Utah Republicans were worried that Orrin Hatch might lose a primary election to a far-right challenger, so they were actively recruiting more mainstream candidates to run against him. Mitt Romney speaks with President Trump, adding fuel to the fire that he’s about to launch a Senate bid. Jeff Sessions is planning an assault on states that have legalized marijuana.

Tick Tock:

  • 17 days until the opening day of the 2018 Utah Legislature (1/22/2018)
  • 62 days until the final day of the 2018 Utah Legislature (3/8/2018)
  • 63 days until the filing period for candidates in the 2018 election opens (3/9/2018)
  • 69 days until the filing deadline for the 2018 elections (3/15/2018)
  • 74 days until the statewide caucus meetings for Utah Republicans and Democrats (3/20/2018)
  • 106 days until the Utah GOP State Convention (4/21/2018)
  • 113 days until the Utah Democratic State Convention (4/28/2018)
  • 172 days until the 2018 Primary Election (6/26/2018)
  • 305 days until the 2018 midterm elections (11/6/2018)
  • 1,033 days until the 2020 presidential election (11/3/2020)

Utah news highlights

Inside Orrin Hatch’s decision to retire

We spoke to several Utah Republicans about Hatch’s decision to call it a career. We’re told his eyesight is rapidly deteriorating, and there was much concern that he would stumble or look feeble on the campaign trail. For his part, Hatch couldn’t fathom losing an election after seven straight wins, but there was a real concern among Republicans. Gov. Gary Herbert was so convinced that Hatch couldn’t win this year that he was encouraging Lt. Gov. Spencer Cox and former aide Derek Miller to run against Hatch if he decided not to retire [Utah Policy].

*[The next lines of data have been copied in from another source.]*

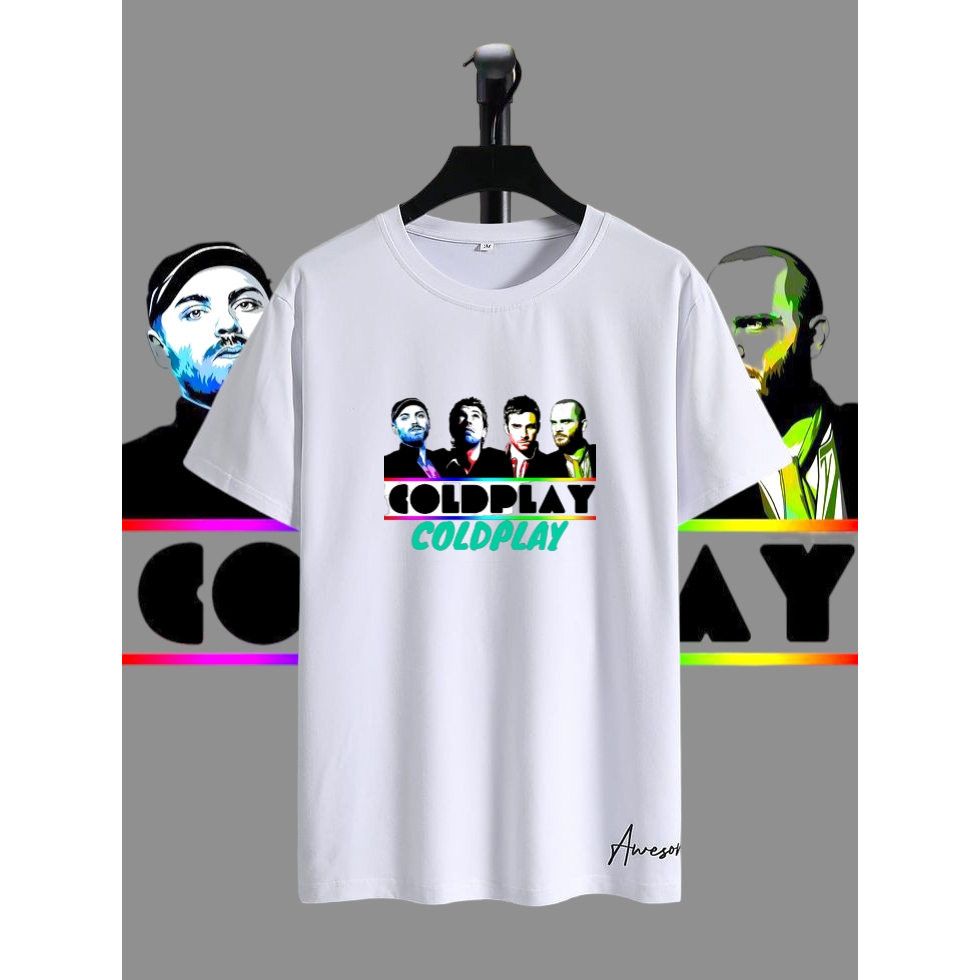 (GROSIR) Kaos ColdPlay Polos Lengan Pendek Unisex / ColdPlay World Tour  / Baju ColdPlay / Kaos Band
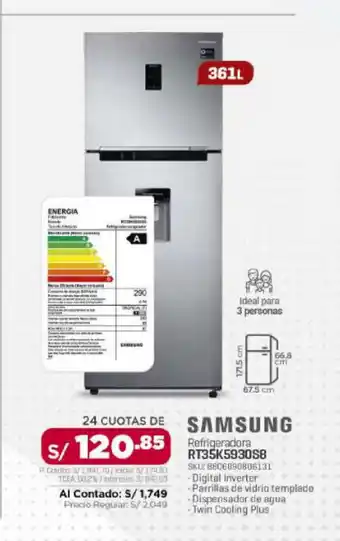 Carsa Refrigeradora RT35K5930S8 SKU: 8806090806131 oferta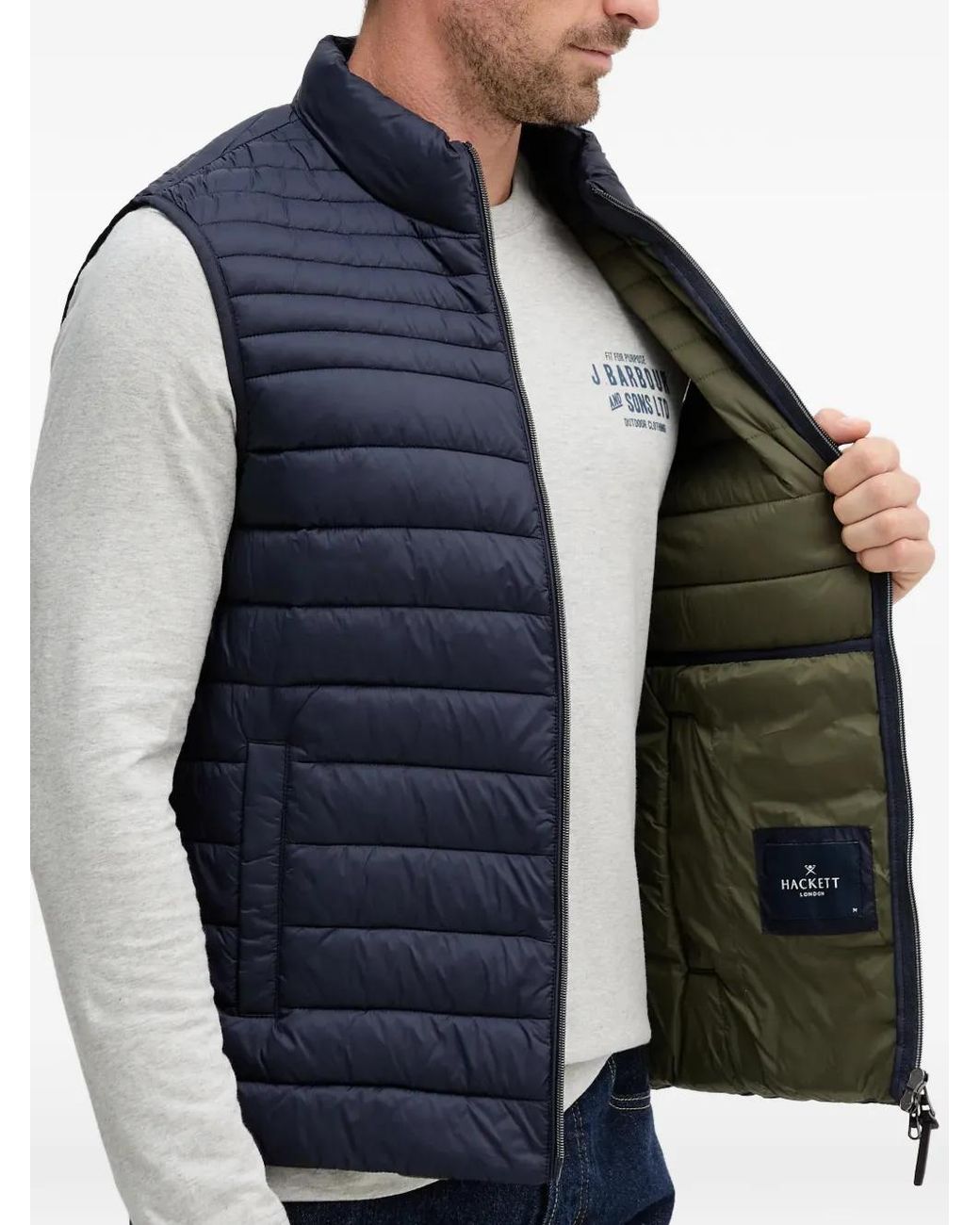 Hackett Blue Zip-Up Gilet for men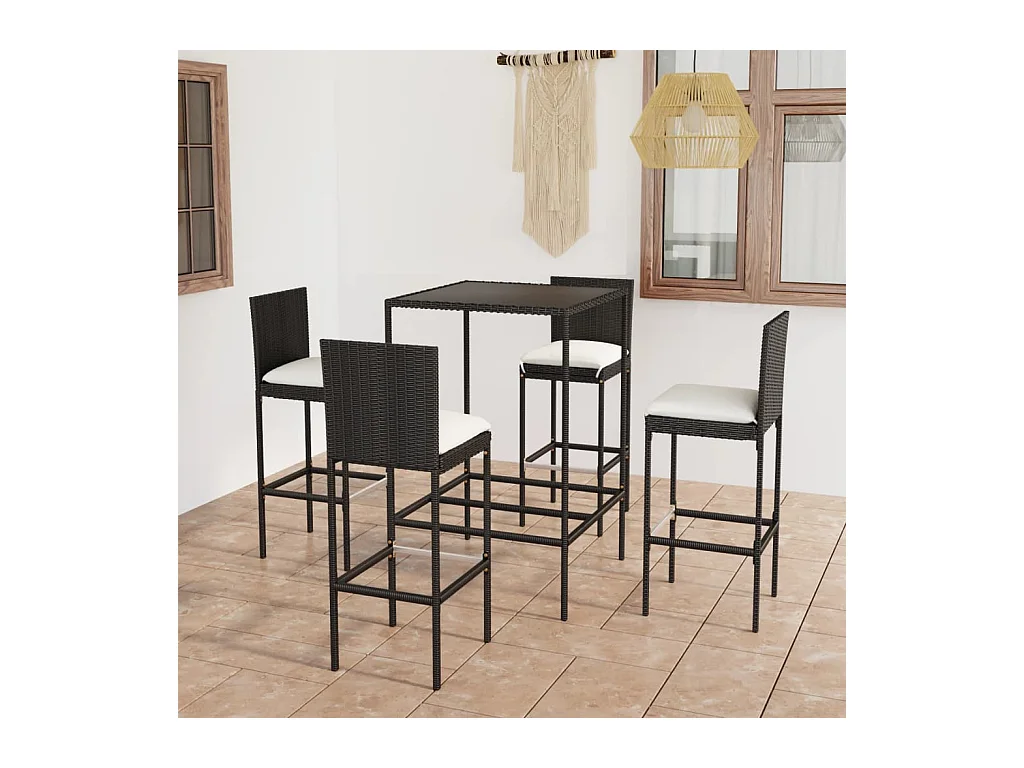 Ensemble de bar de jardin 5 pcs et coussins Résine tressée Noir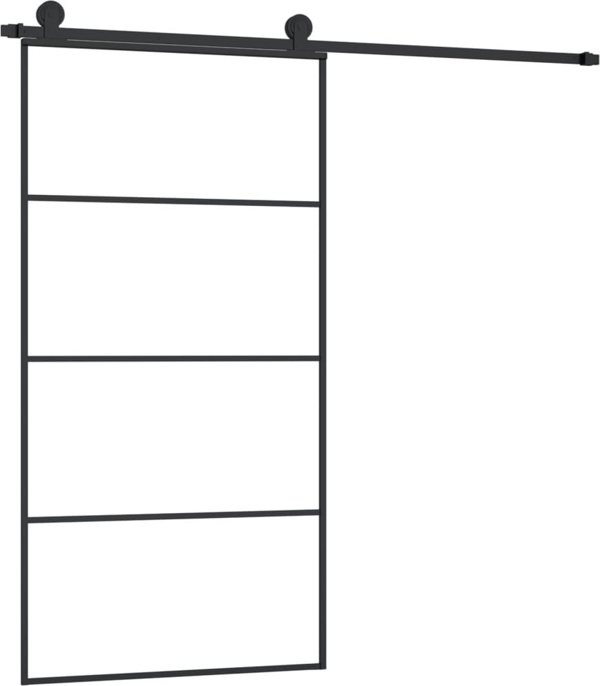vidaXL vidaXL Drzwi przesuwne a akcesoriami, 102,5x205 cm, ESG i aluminium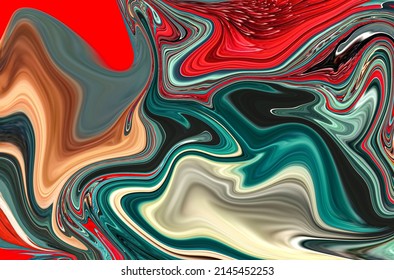 Marble Texture Seamless Pattern Background. Textile Seamless Pattern, Vivid Fluid Art. Ebru Aqua Ink Painting On Water. Wavy Lines, Liquid Ripples, Red  Green Abstract Liquify Marbling.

Romney appears to be getting closer to running for Senate

Mitt Romney spoke with President Donald Trump on the phone Thursday evening as speculation is growing that Romney will soon launch a bid to replace retiring Sen. Orrin Hatch in Washington [Politico].

Week in review

Hatch’s decision to retire. How Mitt Romney entering the U.S. Senate race could boost Republicans down-ballot, and the book that’s tearing Washington apart. Bob Bernick and Bryan Schott discuss in our week-in-review video [Utah Policy]. Here’s the podcast version if you prefer that format [Utah Policy].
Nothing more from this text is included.